A fita é da década de 1930, mas as práticas são recorrentes até hoje. O Brasil foi colonizado com o objetivo de ser um grande fornecedor de pau-brasil e outras madeiras de construção para o Reino. O termo madeira de lei vem dessa época. Se refere aos diversos regulamentos reais que foram editados para evitar que a extração desses paus fosse feita de maneira irresponsável. Afinal, o conceito de sustentabilidade não é tão recente como se imagina. Já naquela época era uma idéia bonita no papel, inexequível na prática. O pau-brasil foi extraído até sua quase total extinção.

Durante o período português, caçar não era apenas uma necessidade alimentar. Era sinônimo de diversão. Abatia-se animais pelo simples prazer de acertar em um alvo móvel. No Primeiro Império, D. Pedro I enviava troféus de caça à sua amada Duquesa de Santos. Não que ela ou ele precisassem. Não lhes faltavam hortas ou animas domésticos para encher a barriga. Ah, mas caçar é muito mais divertido.

Segundo Mário Filho, em pleno século XX, com o período português terminado há mais de um século, o zagueiro Fortes, do Fluminense e da Seleção brasileira de futebol, chegou a deixar de comparecer a mais de uma partida por que preferira ir caçar nas matas do Andaraí. No ano 2000, o Parque Nacional da Tijuca desbaratou mais de 60 acampamentos de caça. Nenhum deles era para subsistência. Ainda naquele ano, mais de mil borboletas mortas e prontas para a venda foram apreendidas na Pedra Bonita.

Recentemente, ao caminhar nas matas de Grumari deparei com um par de caçadores, com cachorros, espingarda e bandoleira. Trocamos dois dedos de conversa. Eram pequenos comerciantes de Santa Cruz. Caçavam pelo esporte. Não temem pela extinção da presa. Afinal, a natureza é pródiga e sempre há de prover.

Semana passada, a Polícia Federal desbaratou uma quadrilha internacional de tráfico de animais. Poucos dias depois a Polícia Militar do Rio de Janeiro apreendeu mais de 200 pássaros em uma feira ilegal. Os traficantes eram, em grande parte reincidentes, como repetitiva é a prática da caça no Brasil. Revoltado com a situação, o Ministro Minc pediu maior rigor da legislação. Está certo o Ministro. A prática (ao longo de mais de cinco séculos) tem mostrado que não há outra forma de combate ao crime contra a fauna e flora. Caçador impune é caçador reincidente. Fauna caçada, por outro lado, é fauna retirada da natureza para sempre. Não falta muito para que nossas florestas fiquem vazias e se transformem em florestas sem almas.

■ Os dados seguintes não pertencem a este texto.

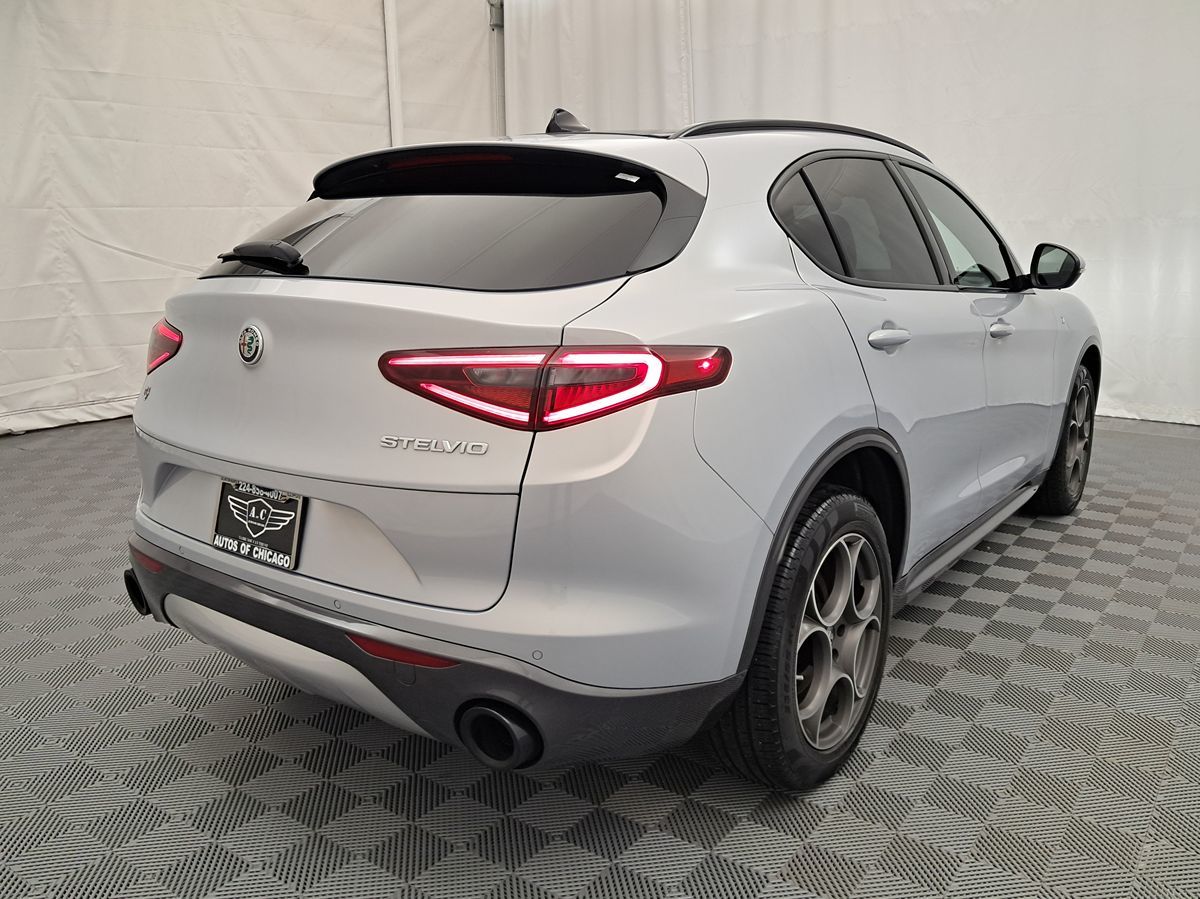 2022 Alfa Romeo Stelvio Ti photo 3
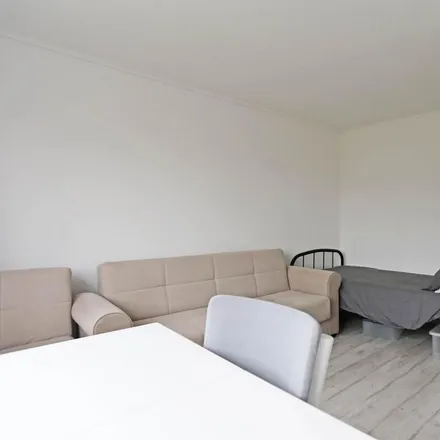 Rent this studio room on Howell Close in London, RM6 5UL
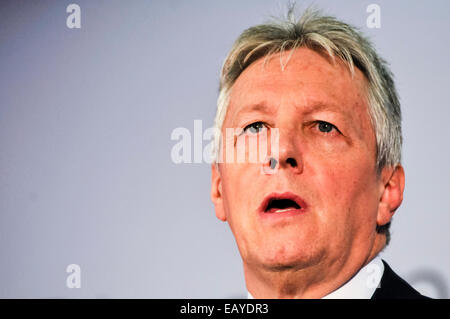 Belfast, Irlande du Nord. 22 novembre 2014 - Premier Ministre Peter Robinson MLA livre le discours du chef du parti lors de la Conférence 2014 DUP Crédit : Stephen Barnes/Alamy Live News Banque D'Images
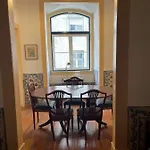 Azulejos Cais Sodré Bed & Breakfast 3*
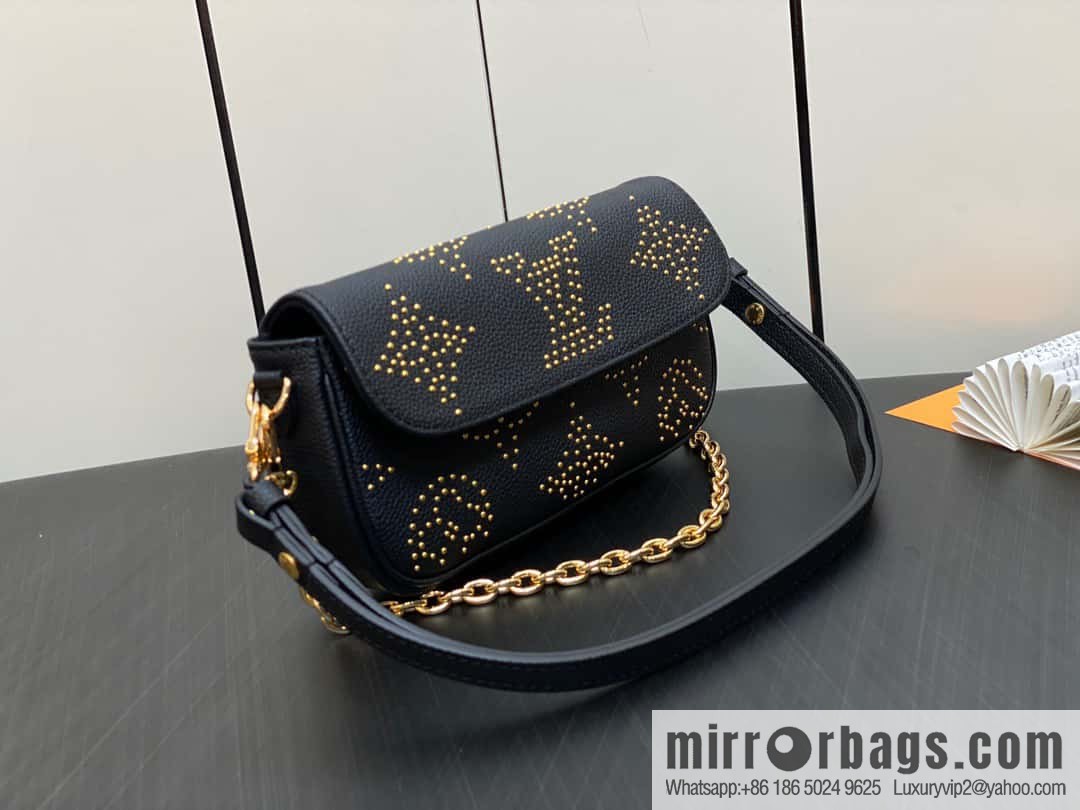 [Original single boutique] M82653 black full leather willow nail chain bag series Wallet on Chain Ivy handbag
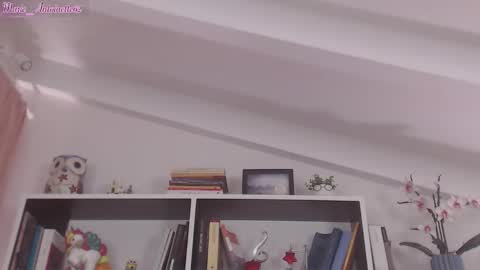 Maria online show from October 31, 7:25 pm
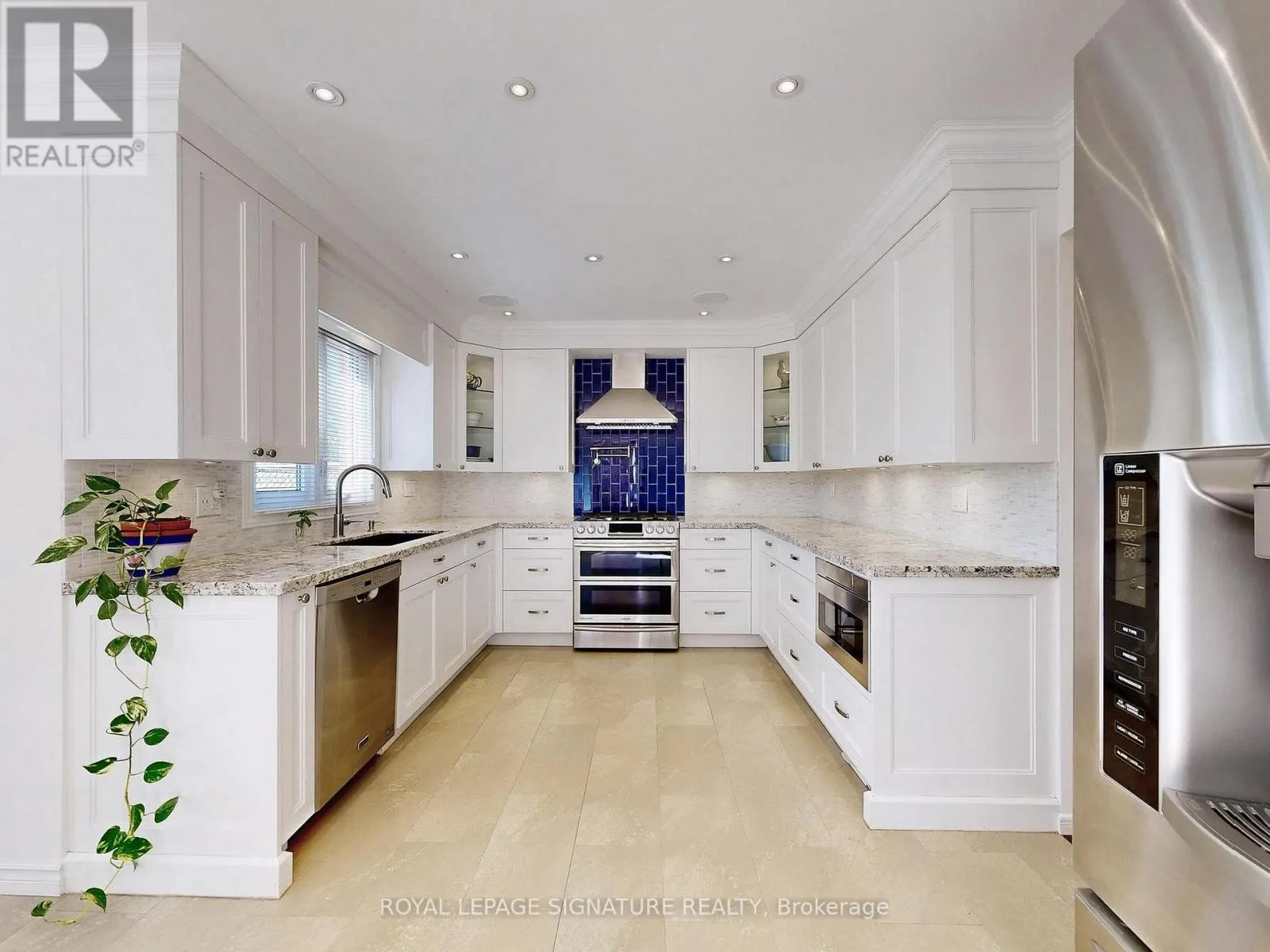 48 MILLCROFT WAY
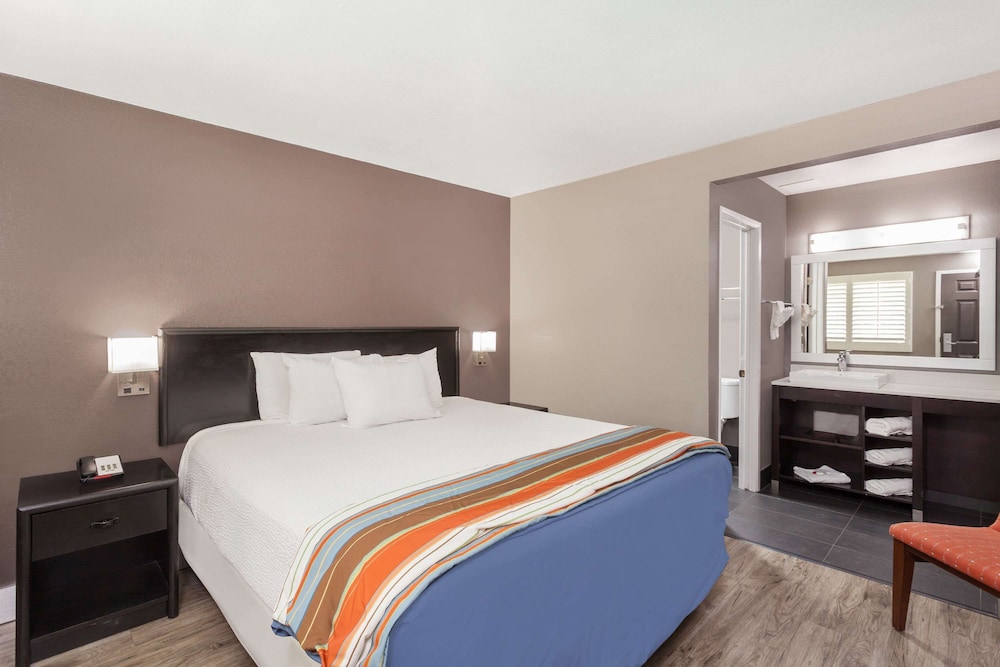 Studio6 Suites San Ysidro, CA – San Diego South Bay 12/51
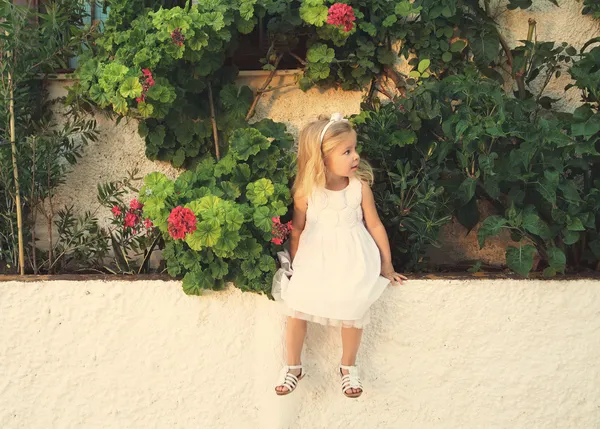 Yunanistan sokaklarında kız moda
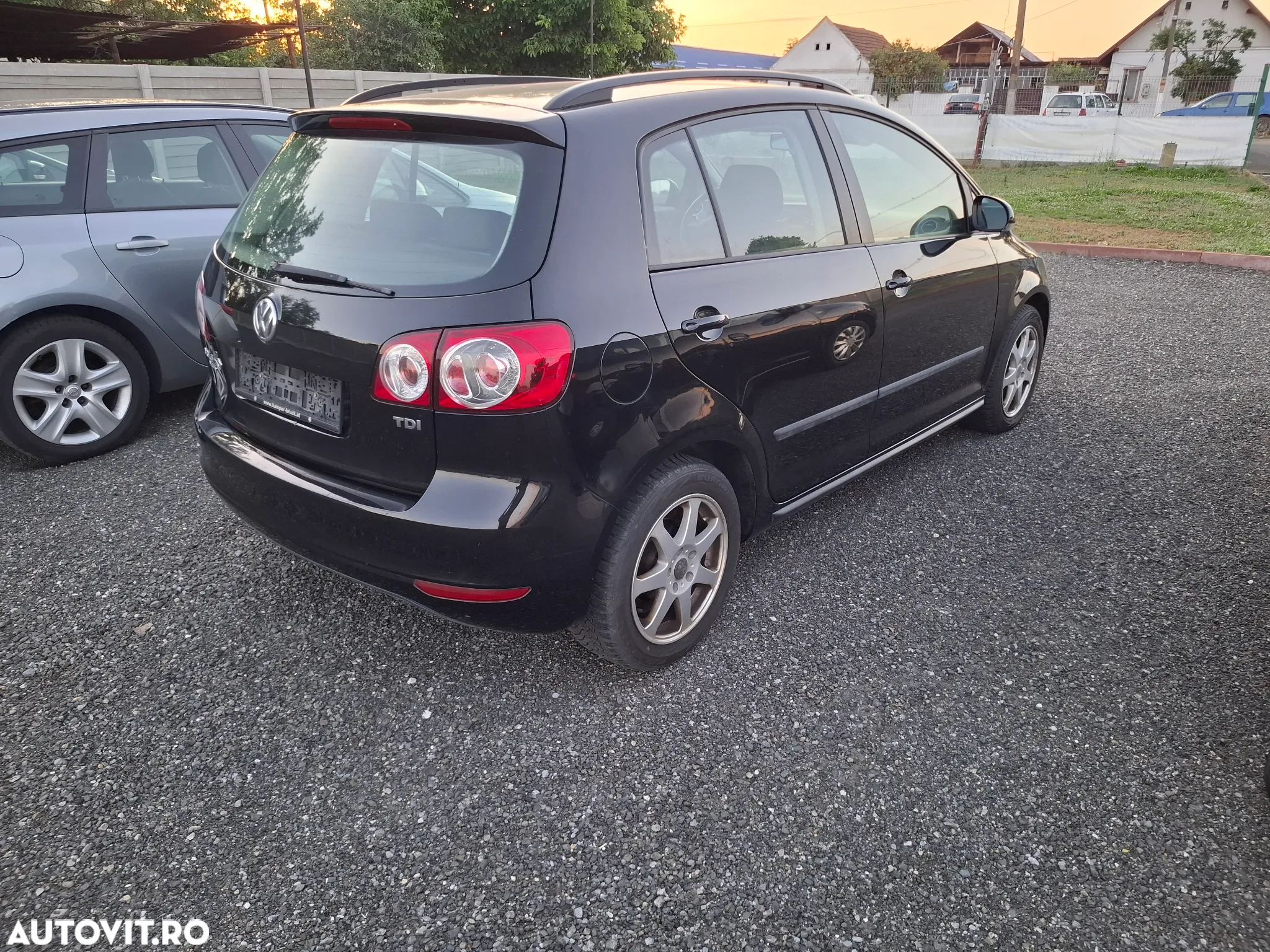 Volkswagen Golf 1.6 TDI DPF Trendline - 4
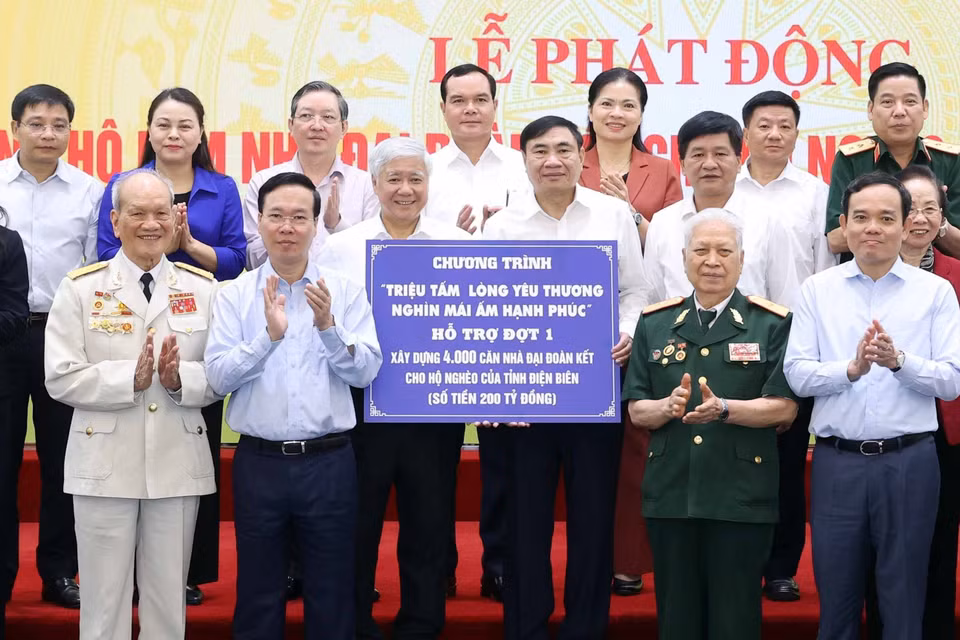 Sáng 13/5, Chủ tịch nước Võ Văn Thưởng dự và phát biểu tại buổi lễ phát động ủng hộ làm nhà Đại đoàn kết cho hộ nghèo tỉnh Điện Biên, hướng tới kỷ niệm 70 năm Chiến thắng Điện Biên Phủ. (Ảnh: Thống Nhất/TTXVN)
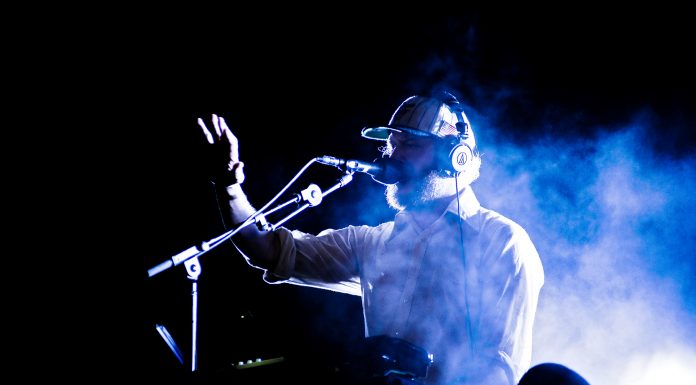 Bon Iver kündigt neue EP SABLE an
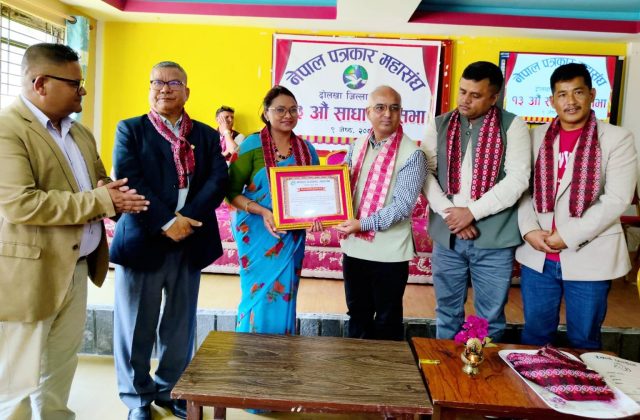 राससकर्मी खड्का ‘विकास पत्रकारिता पुरस्कार’ बाट पुरस्कृत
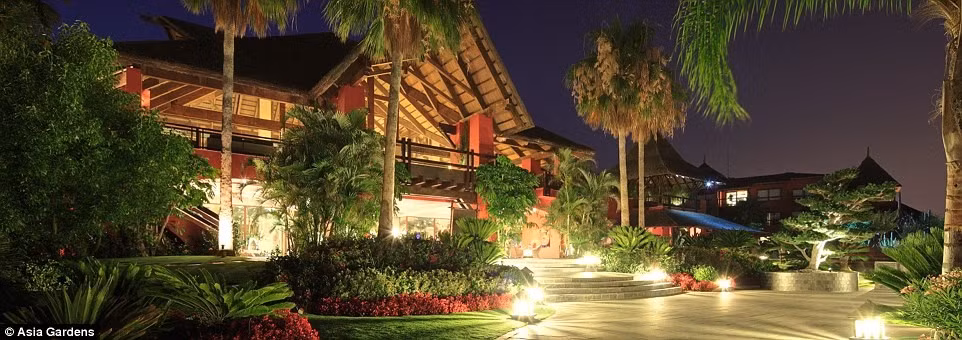 Soi khach san sieu sang doi tuyen Anh dong quan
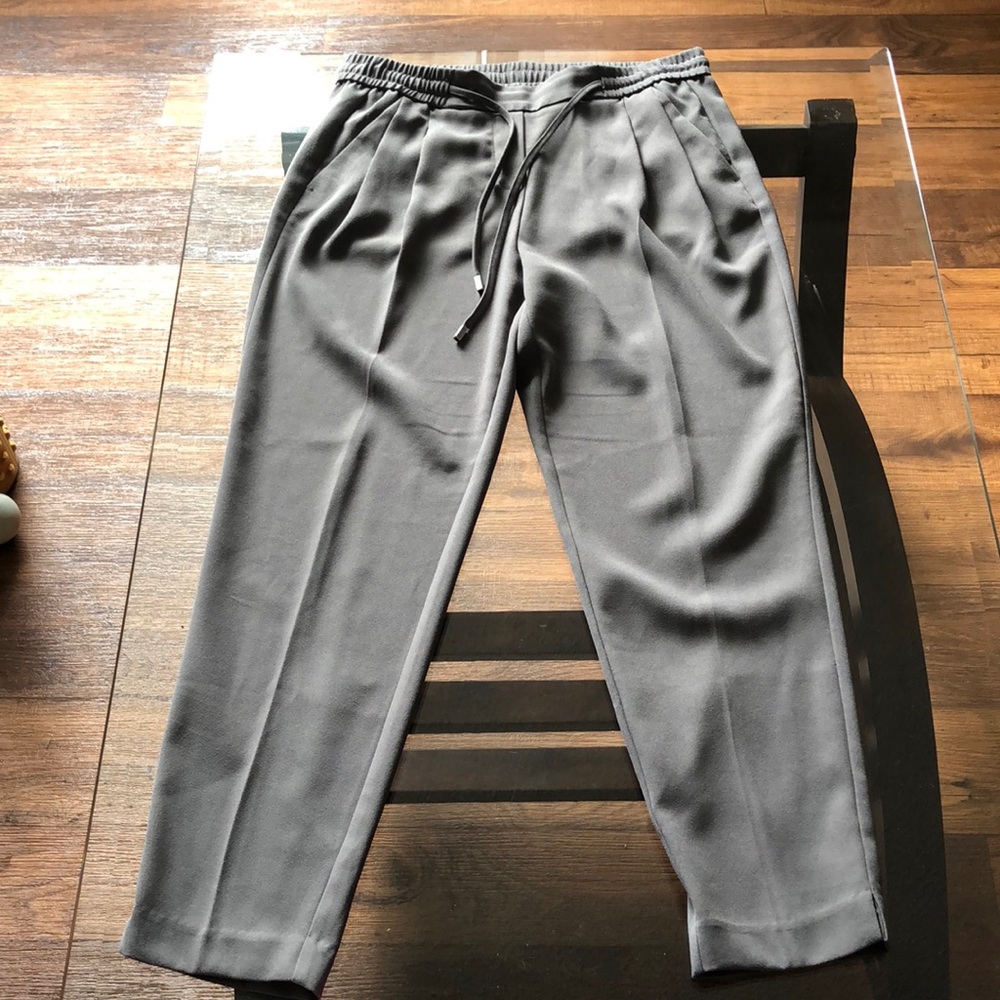 RW & Co, Size Medium, Tapered Grey Ankle Dress Pants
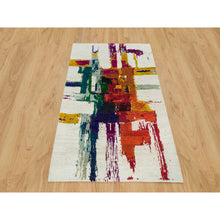 Load image into Gallery viewer, 4&#39;x5&#39;10&quot; Castle Ivory, Modern Abstract Motifs And  Painter&#39;s Brush Strokes, Oriental Wool And Sari Silk Hand Knotted Rug FWR541494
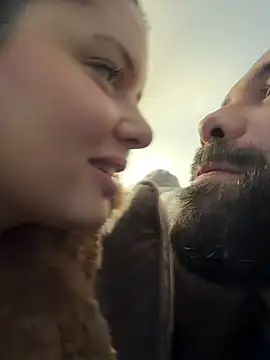 mangolini_parrocini's cam snapshot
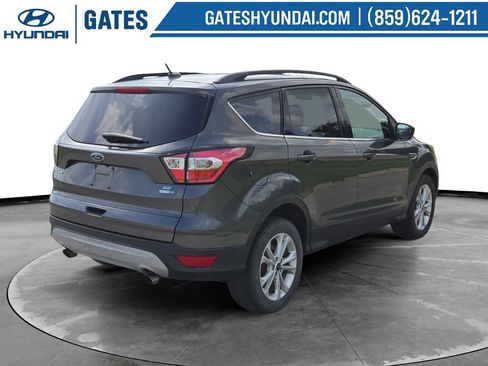Used 2018 Ford Escape SE AWD/4WD image 2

Apesar de aplaudir as declarações do Ministro, não sou otimista. O Brasil não consegue punir assassinos, estupradores, ladrões de alto coturno e sequestradores. O bandido preso hoje é solto amanhã. O condenado pela manhã é beneficiado por medidas de progressão de pena e está na rua à tarde. Os que nem assim conseguem sair da cadeia, “miraculosamente” acabam por fugir. O leitor quer conhecer a fauna brasileira em seu habitat natural? Sugiro que corra. Em breve só vai poder conhecer os animais tupiniquins na Internet. E viva o Youtube!